Exercise requirements:
Could every line of the listing be output exactly, with the pictures skipped?

Information provided:
——

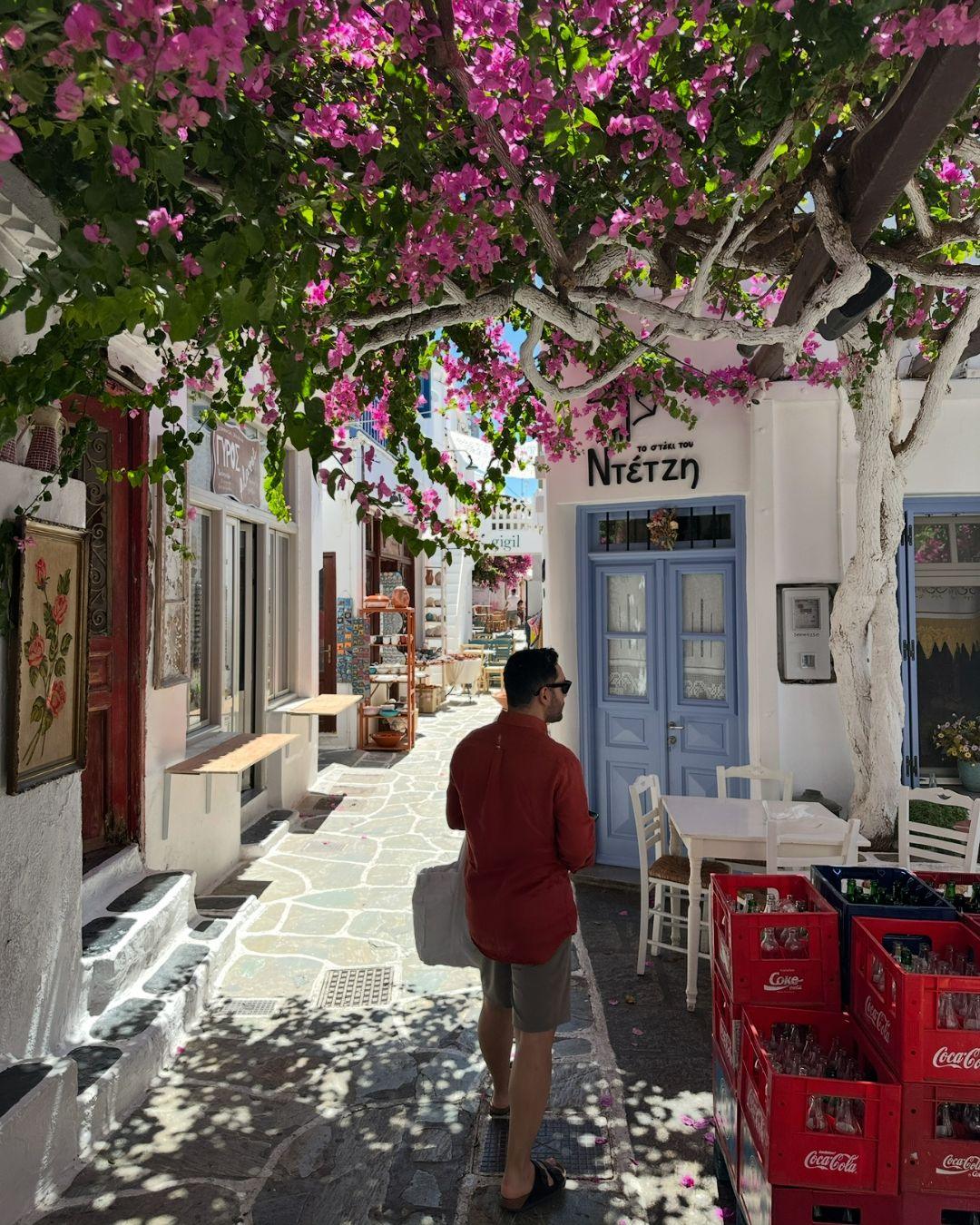 Kythnos Chora'nın begonvillerle süslü, beyaz badanalı otantik taş sokakları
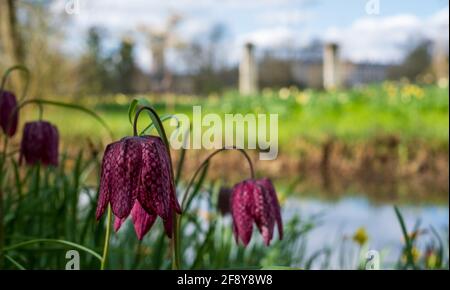 Fleurs frillaires à tête de serpent qui poussent sauvages à Magdalenen Meadow avec Magdelan College à distance, à Oxford, au Royaume-Uni. Les fleurs à carreaux sont rares. Banque D'Images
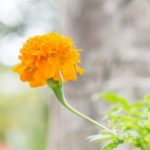 Repelente de mosquitos y cremas para picaduras para disfrutar del verano: calendula propiedades heelespana 150x150 - HeelEspa&ntilde;a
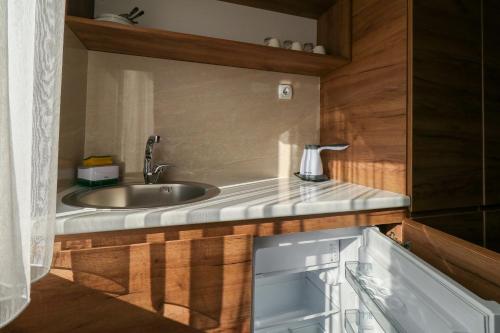 Studio Apartments Maksimovic in นิส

——

Expected answer:
 Kythnos Chora'nın begonvillerle süslü, beyaz badanalı otantik taş sokakları
 Fleurs frillaires à tête de serpent qui poussent sauvages à Magdalenen Meadow avec Magdelan College à distance, à Oxford, au Royaume-Uni. Les fleurs à carreaux sont rares. Banque D'Images
 Repelente de mosquitos y cremas para picaduras para disfrutar del verano: calendula propiedades heelespana 150x150 - HeelEspa&ntilde;a
 Studio Apartments Maksimovic in นิส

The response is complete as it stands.